The Bishop Julianus that was present at the Council of Lyon, around 518-523, alongside Archbishop Viventiolus of Lyon, would be Julian of Vienne. Although the Vita of Saint Apollinaris placed Avitus at this council, Ulysse Chevalier argues that "the rank occupied by Julian after the metropolitan of Lyon and before Apollinaris, seems to indicate that it was he who was metropolitan of Vienne."

He appears as Julianus Episcopus at the second Council of Orlėans in 533 where he holds the 23rd rank among the subscribing bishops.

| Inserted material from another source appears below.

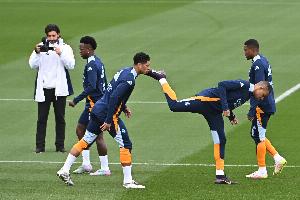 说的谁？本泽马：皇马的问题在于你接受不了前面那个人进球比你多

Considered a saint, Julian appears in the liturgical calendar of the diocese of Grenoble-Vienne on 1 July, alongside Saint Martin and all the former bishop saints of Vienne. In addition, he was listed in the Martyrologium Hieronymianum on 22 April, as well as by the Bollandists.

==Bibliography==
- Chevalier, Ulysse (1879). "Notice chronologico-historique sur les archevêques de Vienne: d'après des documents paléographiques inédits"
- Chevalier, Ulysse (1912). "Regeste dauphinois, ou Répertoire chronologique et analytique des documents imprimés et manuscrits relatifs à l'histoire du Dauphiné, des origines chrétiennes à l'année 1349 (Tome 1, Fascicules 1-3)"
- Duchesne, Louis (1894). "Fastes épiscopaux de l'ancienne Gaule. Provinces du Sud-Est (tome premier)"
- Gadille, Jacques (1983). "Le diocèse de Lyon"
- Lucas, Gérard (2018). "Vienne dans les textes grecs et latins: Chroniques littéraires sur l'histoire de la cité, des Allobroges à la fin du Ve siècle de notre ère"
- Santschi, Catherine (2002). "Avit (saint)"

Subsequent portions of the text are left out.